With the approval of the General Assembly, Glendening has significantly increased the amount the state had been spending on school construction. This year, the state is spending $225 million on school construction -- the highest state outlay in a quarter-century.

"Our formula is simple: more classrooms plus additional teachers equals smaller class size," Glendening said. "And smaller class size means a better education."

Funds contingent

The governor said the funds for new teachers would be available to local school systems that could demonstrate that they were hiring the teachers to reduce class size.

Lowering class size is the most expensive of all educational reforms. The average class size in the first three grades in the six Baltimore-area school districts is about 24 pupils. Reducing that average to about 18 would require an estimated 1,150 new teachers that would cost more than $40 million alone in salaries.

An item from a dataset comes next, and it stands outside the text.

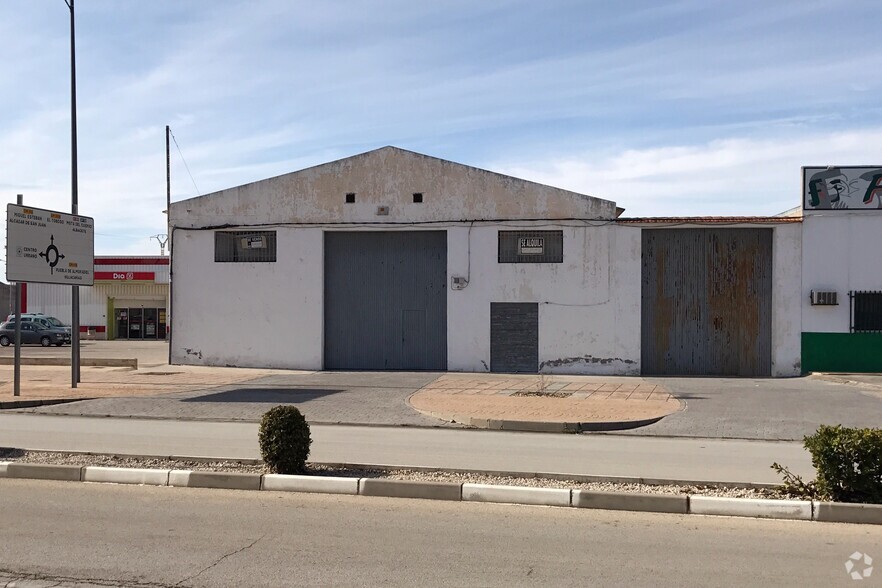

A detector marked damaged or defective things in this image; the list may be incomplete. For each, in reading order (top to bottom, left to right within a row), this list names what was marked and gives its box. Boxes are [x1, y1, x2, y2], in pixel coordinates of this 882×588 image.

rusty metal roller door [640, 227, 768, 374]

But educational research shows that students in smaller classes have better test scores, participate more in school, behave better and retain these benefits over time, said Joan McRobbie, a researcher at WestEd, a federal education laboratory in San Francisco.

However, the more pupils in a class above 17, she said, the more limited the gains.

"Lowering class size helps," McRobbie said, "but then the question becomes what kind of policy to put in place" -- whether to target the additional teachers where most needed.

California -- midway through a $2.5 billion, two-year effort to reduce class size -- has what McRobbie called a "one-size-fits-all program that isn't helping enough where it's needed most, in the inner cities."

'Only a first step'

Karl K. Pence, president of Maryland State Teachers Association, a group that has endorsed Glendening, said he liked the governor's education initiative but said it was only a first step.

"There is no magic bullet," Pence said. "This doesn't solve all of the problems, but it makes it possible to start to solve the problems."

State education Superintendent Nancy S. Grasmick also endorsed the governor's goal of reducing the number of students in certain key classes, but cautioned that it would be difficult to find 1,100 more qualified teachers in addition to the teachers needed to handle expected increases in student enrollments in the next four years.

Local school systems across the state are contending with a shortage of qualified teachers. The state, along with the local school systems, must develop more incentives to attract students to teaching, she said.

"We've got to begin to address this issue of a teacher shortage," Grasmick said. "We're not going to do it with the same old mechanisms. The competition is steep for these talented young people."